Sunday, October 15th, 2017 | Filed under Musings


So I ask you… do we, as humans, have any other frame of reference to describe the characteristics or behavior of our animals?


As some of you readers may know, one of the HORSE AND MAN posts called, “The Hardest Fix” was re-posted (with some edits) in HORSE AND RIDER magazine in August.  Yay!

Of course, with every article printed in a magazine, there comes reader responses.  Lo and behold, in the October issue of HORSE AND RIDER magazine, there was a box devoted to the reader responses to “The Hardest Fix”. Yay again!

But, not all the responses were positive.  There was this rancher’s viewpoint which I have reprinted here.


OK, I don’t want this discussion to come across as a writer (me) who has to have total agreement from readers.  I’ve certainly received comments from readers correcting me or challenging my opinions.  I have had readers “unsubscribe” – ouch.  I know I’m not going to please everyone all the time.   And, I know that even though I try really to write posts without errors, it doesn’t always happen.


What bothered me about the above remark was something that runs deep with me.  He touched on what I call the Superiority of Humans towards animals.   It really bugs me when people think animals deserve less from this life or this planet simply because they are not humans.  And, I become really upset when humans think they can treat an animal any way they wish because animals don’t have emotion.

Besides my personal feeling about animal rights, I also felt great sorrow for this rancher’s horse and dog.  I also wondered how he lived each day on the ranch without feeling the gifts of animal nature all around him…  How could he feel the soft breeze or the harsh winds but not feel the contentment or the upset in the beings around him – who work so closely with him?


So, I decided to make sure I understood the definition of anthropomorphism so I could be sure to understand what the rancher was saying in his remark.

I looked it up:  “the attribution of human characteristics or behavior to a god, animal, or object.”

OK, is it possible to attribute characteristics in any other way other than in a human way?  I, as a human, cannot attribute characteristics in an equine manner.  How could I?  I’m not a horse.  I mean, if I say a god is a skittish or spooky god, I’m still defining it from my perspective as a human even though those descriptors we, as humans, use to describe an equine.  However, those descriptors of these attributes are concocted or measured or defined from our human viewpoint.  So, is there any other way to describe the behavior of an animal?

Now, I’m not saying that describing an animal through our viewpoint is necessarily correct.  I’m merely saying that we have no other vantage point in which to do so.

I cannot think like a dog or equine or a god or an object.  I can’t even think like you.  I can only think like me.  A dog can only think for himself as a dog and a horse can only think for himself as a horse.  And, thereinlies the communication breakdown.  That is why we humans try to put ourselves in the viewpoint of another species so that we can try to better understand them.

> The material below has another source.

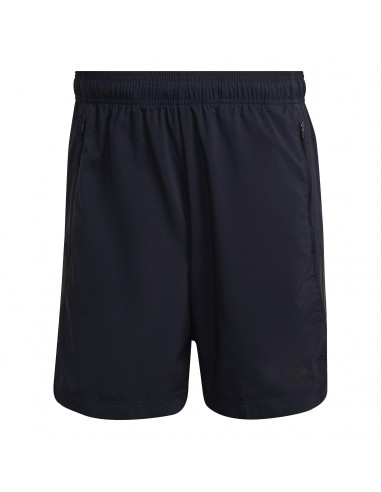 ADIDAS-T365 SHORT TINLEY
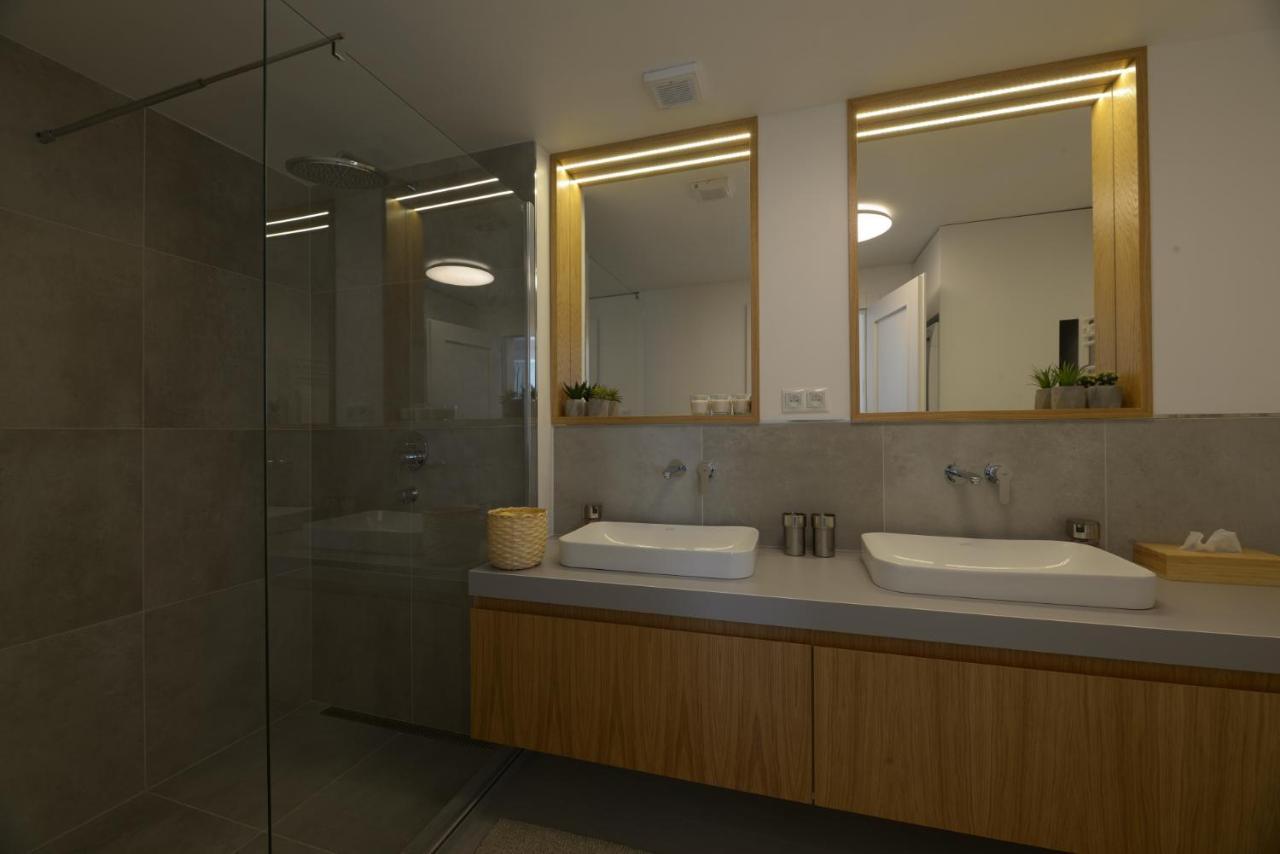 Apartman D304 Vysoké Tatry Εξωτερικό φωτογραφία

Was Jane Goodall using primate expressions to describe her subjects?  Nope.  She wrote reports in human language.  And, in those reports she described the interactions of the primates using her only frame of reference.

And, I kinda think dogs and equines attempt this cross communication as well.  For example, I don’t think a horse bangs on a tree or a rock out in the wild when he is trying to get another horse’s attention.  And, I don’t think a dog. left to his own devices, would do tricks on his own when he wants a treat.  Banging on a gate or doing a trick for a cookie are ways that our animal friends try to bridge the gap.


If animals are not emotional, why do they all come to the barn when I’m crying there?  Why do they flee from a helicopter?  Why do babies cry for their mothers?  Why do longtime companions pine for their lost friends?  Why do horses explore something in tandem?  Why do they retaliate?  Why do they honor a good leader?


So, as I’m writing this today, freak of timing strikes and this is the article I see:

Click image to read article

This article is accompanied by this photo:

So, I kinda think the rancher may have his rebuttal career cut out for him… But, I don’t want to stop there because I wish to really dissect his response.



First off, I need to correct the rancher in that the article said, “They always give me that endearing look”…  Just to be clear, that means that the look is endearing to me, not that they have a look on their faces of endearment.  However, I’m not saying that horses cannot feel endearment, but actually, I don’t think I have ever seen that look from them.  I think they like me and some may love me, but they don’t look at me endearingly.  My dog looks at me endearingly, but not my horses.

Anyway, more to the point.  I did write that my horses gave me forlorn expressions when they were caught in a gate.  And I did say that they looked embarrassed when I discovered them stuck.

Yes, those are my words to describe what I felt from them.  I don’t know the equine’s terminology for that expression I was seeing on their faces and the mood I was feeling from them.  But, since I am writing as a human to humans, I wrote what I felt and what I thought humans would understand.


Has the rancher never used emotional adjectives to describe his horse… is this possible?  Has he never said “rank” or “sore” or “spooky” or “good” before?  And, are those words just adjectives?  Or, are those words the rancher’s impressions of what he feels the horse is feeling?  If he has ever used those terms, I’m guessing that he crossed that emotional bridge without even realizing it…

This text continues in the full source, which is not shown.